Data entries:
=====

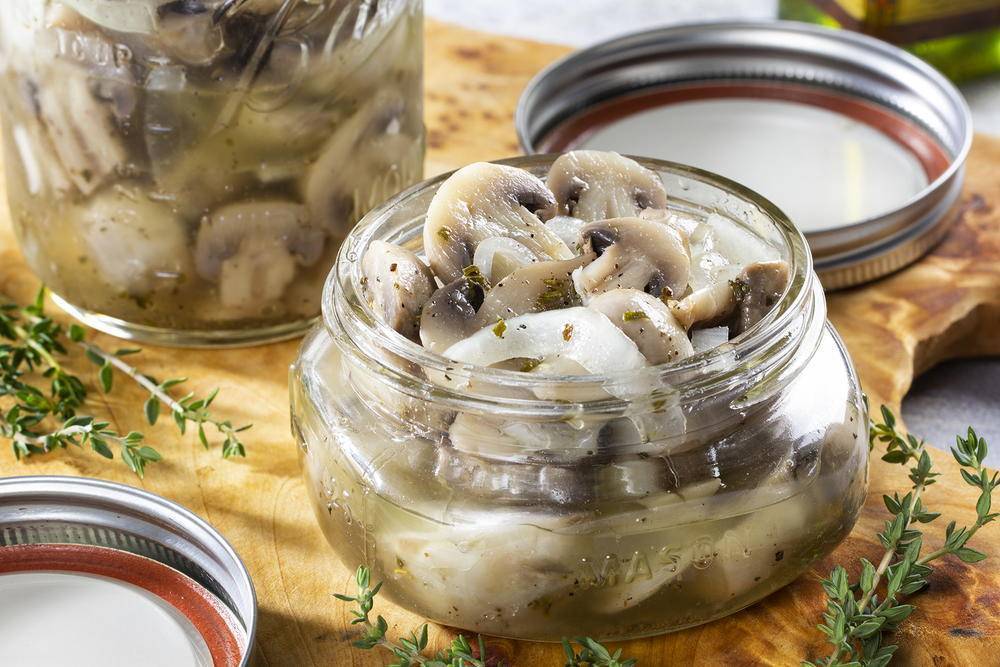 Маринованные вешенки в домашних условиях: 4 очень вкусных рецепта быстрого приготовления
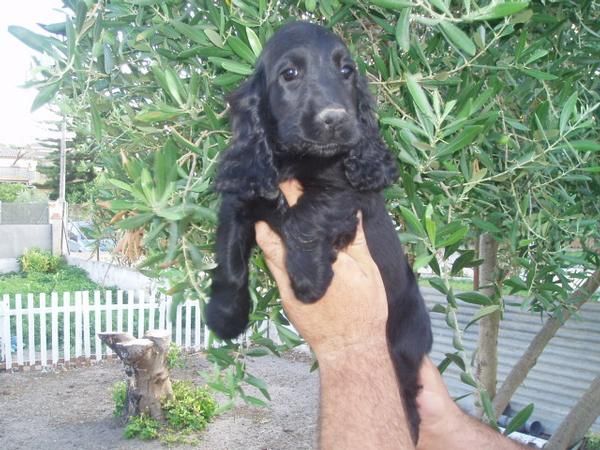 Precioso cachorrito de Cocker Spaniel con pedigree, solo 190 euros.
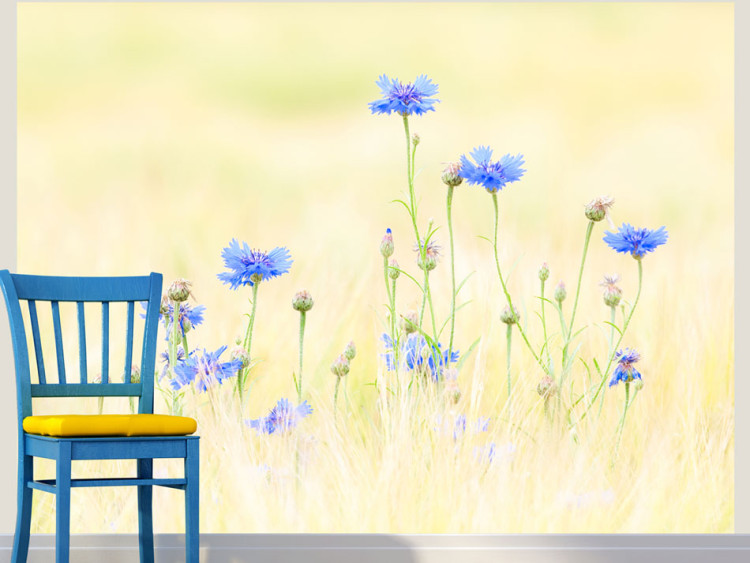 Fototapeta Chabry - łąka z niebieskich kwiatów na jasnym tle w stylu vintage 60459
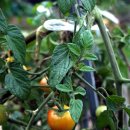 유토피아 오토캠핑장 이미지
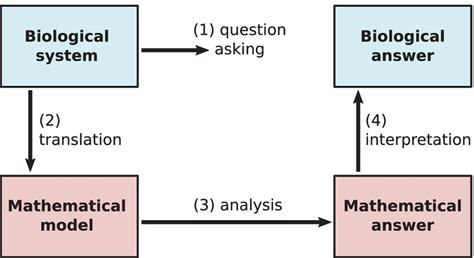 A Schematic Of Theoretical Biology As A Four Step Process Linking The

=====

## Work item
Once the line containing "Fototapeta Chabry - łąka" is found, transcribe it and every line after it to the end of the records, exactly and with no pictures.

## Answer space
 Fototapeta Chabry - łąka z niebieskich kwiatów na jasnym tle w stylu vintage 60459
 유토피아 오토캠핑장 이미지
 A Schematic Of Theoretical Biology As A Four Step Process Linking The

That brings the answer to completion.